"But what can you do?" urged Mrs. Buckley.

"Something, at all events. Find out what he wants. Buy him off, perhaps. Pray don't argue with me. I am quite determined."

Then it became necessary to tell her of Lee's death, though the fact of his having been murdered was concealed; but it deeply affected her to hear of the loss of her old faithful servant, faithful to her at all events, whatever his faults may have been. Nevertheless, she went off alone, and took up her abode with Troubridge, and there they two sat watching in the lonely station, for him who was to come.

Though they watched together there was no sympathy or confidence between them. She never guessed what purpose was in Tom's heart; she never guessed what made him so pale and gloomy, or why he never stirred from the house, but slept half the day on the sofa. But ere she had been a week at home, she found out. Thus:—

They would sit, those two, silent and thoughtful, beside that unhappy hearth, watching the fire, and brooding over the past. Each had that in their hearts which made them silent to one another, and each felt the horror of some great overshadowing formless calamity, which any instant might take form, and overwhelm them. Mary would sit late, dreading the weary night, when her overstrained senses caught every sound in the distant forest; but, however late she sat, she always left Tom behind, over the fire, not taking his comfortable glass, but gloomily musing—as much changed from his old self as man could be.

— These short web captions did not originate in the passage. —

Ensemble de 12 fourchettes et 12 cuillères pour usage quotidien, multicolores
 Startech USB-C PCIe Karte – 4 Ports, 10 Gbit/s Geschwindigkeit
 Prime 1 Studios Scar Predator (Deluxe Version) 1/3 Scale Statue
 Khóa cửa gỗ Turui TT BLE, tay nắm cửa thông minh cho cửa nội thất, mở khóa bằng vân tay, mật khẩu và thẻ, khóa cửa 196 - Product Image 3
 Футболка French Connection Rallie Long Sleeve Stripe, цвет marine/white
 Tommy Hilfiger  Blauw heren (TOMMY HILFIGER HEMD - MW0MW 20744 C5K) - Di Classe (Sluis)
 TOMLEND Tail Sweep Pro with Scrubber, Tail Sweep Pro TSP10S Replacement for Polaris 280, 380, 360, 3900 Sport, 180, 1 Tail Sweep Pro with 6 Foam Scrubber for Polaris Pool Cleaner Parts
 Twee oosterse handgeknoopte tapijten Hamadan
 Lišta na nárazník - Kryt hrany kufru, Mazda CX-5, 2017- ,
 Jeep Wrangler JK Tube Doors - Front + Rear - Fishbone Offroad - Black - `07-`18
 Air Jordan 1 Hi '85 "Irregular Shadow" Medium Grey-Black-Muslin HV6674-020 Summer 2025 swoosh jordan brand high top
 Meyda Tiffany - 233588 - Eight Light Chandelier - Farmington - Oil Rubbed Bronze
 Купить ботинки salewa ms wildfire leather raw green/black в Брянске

She now lay always in her clothes, ready for any emergency; and one night, about a week after Lee's murder, she dreamt that her husband was in the hall, bidding her in a whisper which thrilled her heart, to come forth. The fancy was so strong upon her, that saying aloud to herself, "The end is come!" she arose in a state little short of delirium, and went into the hall. There was no one there, but she went to the front door, and, looking out into the profoundly black gloom of the night, said in a low voice,—

"George, George, come to me! Let me speak to you, George. It will be better for both of us to speak."

No answer: but she heard a slight noise in the sitting-room behind her, and, opening the door gently, saw a light there, and Tom sitting with parted lips watching the door, holding in his hand a cocked pistol.

She was not in the least astonished or alarmed. She was too much TETE MONTEE to be surprised at anything. She said only, with a laugh,—

"What! are you watching, too, old mastiff?—Would you grip the wolf, old dog, if he came?"